Possible solution to the reproducibility issues using scatter_add operation

amosella · June 26, 2019, 9:05am

As it is well known to all of us some pytorch operations are undeterministic such as scatter_add operation and some times it can be annoying have different results using the same hyperparameters in different runs. Recently I found this article that describes a methodology to obtain a deterministic behaviour in Floating-Point Summation. I’m wondering if it can be useful implement this in pytorch. What do you think?

tom · June 30, 2019, 11:03am

I don’t think it’s the algorithms as much as the lack of people doing it.
For example, for many operations (Upscaling comes up frequently) it would be relatively easy to make the cuda backward deterministic by having each grad_in location treated by one thread.
For others, using a index_add/scatter_add-style operation, the Embedding backward may serve as a blueprint.

Best regards

Thomas

amosella · July 1, 2019, 5:42am

Hi @tom thanks for your answer.

I don’t think it’s the algorithms as much as the lack of people doing it.
For example, for many operations (Upscaling comes up frequently) it would be relatively easy to make the cuda backward deterministic by having each grad_in location treated by one thread.

I see what you mean. It is not a problem of knowledge it is more a human resources problem, right? However, in my opinion, should be a priority to have a deterministic mode for all the current algorithms. I know that there is a general idea that non-deterministic algorithms do not have a lot of influence on the results, but, in some cases, there is a huge impact. For instance, I started this thread because in pytorch_geometric some of the operations are based on non-deterministic implementations of pytorch. As you can see in this github issue this behavior is impacting the results. At the end this non-deterministic behavior has an impact in other libraries like pytorch geometric, causing the lack of reproducibility.

For others, using a index_add / scatter_add -style operation, the Embedding backward may serve as a blueprint.

Can you give me more details about this? I am not fluent in cuda but if I have a blueprint I can try to collaborate to have a deterministic mode in statter_add/index_add. I think the deterministic mode is a must to have.

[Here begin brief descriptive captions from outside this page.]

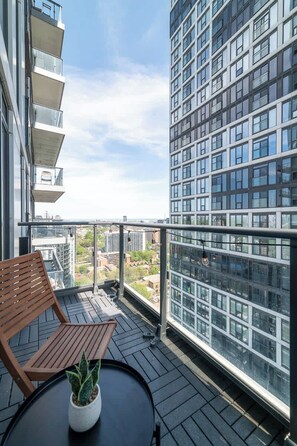 A balcony with a wooden chair and a potted plant, overlooking a cityscape with modern buildings. - Chic Downtown 3BR Retreat Private Patio (Toronto)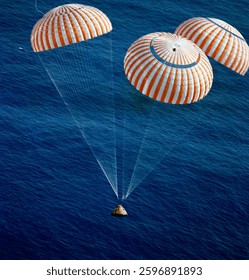 The Apollo 17 Command Module (CM), with astronauts Eugene A. Cernan, Ronald E. Evans and Harrison H. Schmitt aboard, nears splashdown in the South Pacific Ocean. 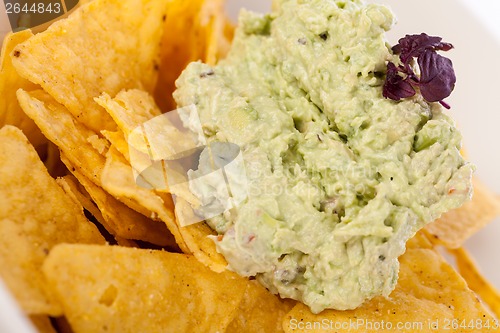 Image of Crisp corn nachos with guacamole sauce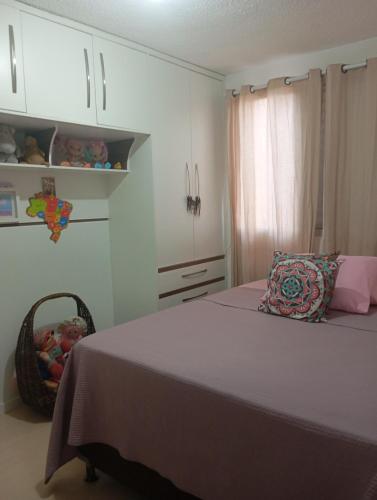 a bedroom with a bed and a basket and cabinets at Small family apartment in Sao Sebastiao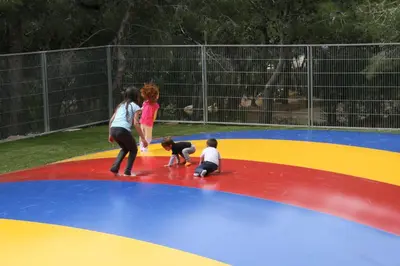 a group of children playing on a trampoline at Camping Vilanova Park in Vilanova i la Geltrú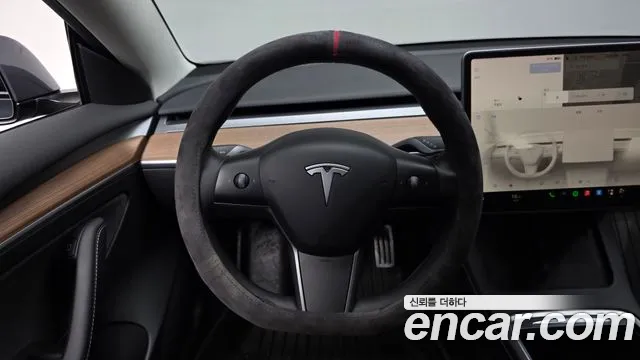 Tesla Model 3 — Фото автомобиля 19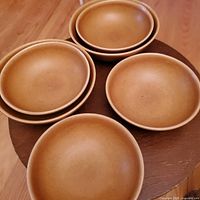 Set of six matte brown ceramic bowls stacked in pairs on a wooden surface, showing overall shape and color.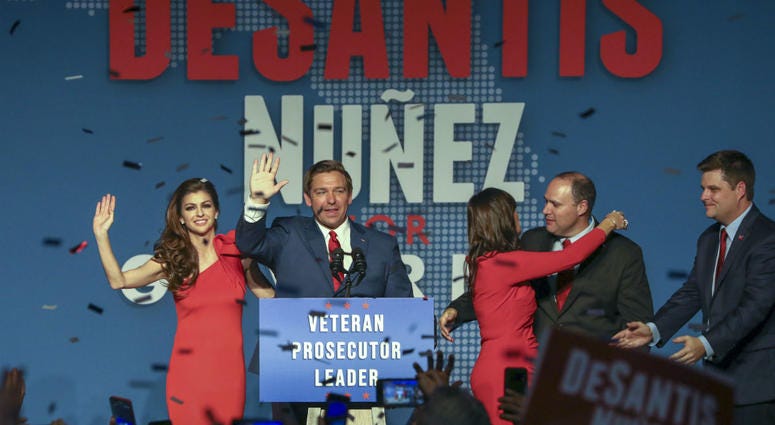Republican Florida Governor-elect Ron DeSantis, center, waves to the supporters with his wife, Casey, left, and Republican Lt. Governor-elect Jeanette Nunez, third right. Republican Florida Governor-elect Ron DeSantis, center, waves to the supporters with his wife, Casey, left, and Republican Lt. Governor-elect Jeanette Nunez, third right.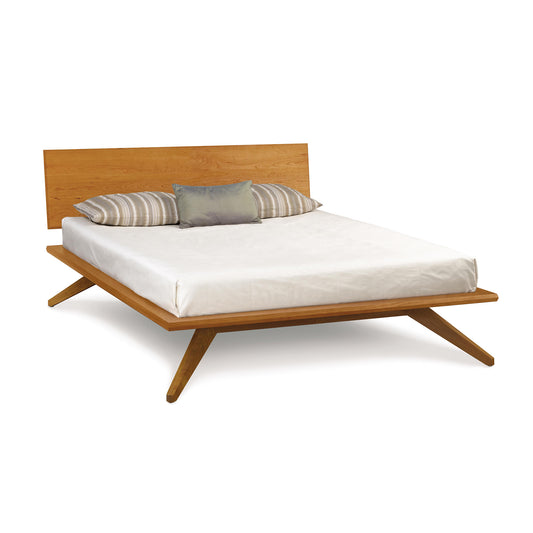 A Copeland Furniture mid-century modern-contemporary style Astrid Cherry Platform Bed frame with a solid cherry wood headboard and angled legs, dressed with a white fitted sheet and adorned with two striped and one solid-colored throw pillows.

tom · July 1, 2019, 6:23am

In aten/src/ATen/native/embedding/Embedding.cu, embedding_dense_backward_cuda essentially computes and index_add – the gradient for embedding matrix row i is the sum of all input gradient elements where i was embedded in the forward. (Disregard the scale_grad_by_weight and only consider the false case.)

Two variants are implemented

For small batches (< embedded786 elements in total) a direct variant is implemented in embedding_backward_feature_kernel. That is somewhat elaborate cuda with explicit communication amongst the threads to ensure determinism. If you didn’t do much cuda programming, this will be an opportunity to learn a lot, but at <100 lines of code with ample comments it should be OK.
For large batches one falls back to sorting the indices (this is still done in embedding_dense_backward_cuda) and then hand off to embedding_backward_cuda_kernel in EmbeddingBackwardKernel.cu. Here again, you can assume offset2bag to be undefined. It’ll do quite a few steps to partition the work and then execute it, but it’s implemented as thrust calls and a few fairly simple kernels.

So it takes a quite a bit of work to do this properly, but the ingredients are all there.

Best regards

Thomas

yf225 · July 21, 2019, 9:18pm

@amosella Would you like to post this on https://github.com/pytorch/pytorch/issues, since this is not only related to libtorch? We would be able to prioritize general feature requests there based on community needs and available resources.

amosella · July 22, 2019, 4:53am

@yf225 Thanks for your suggestion. I created this issue.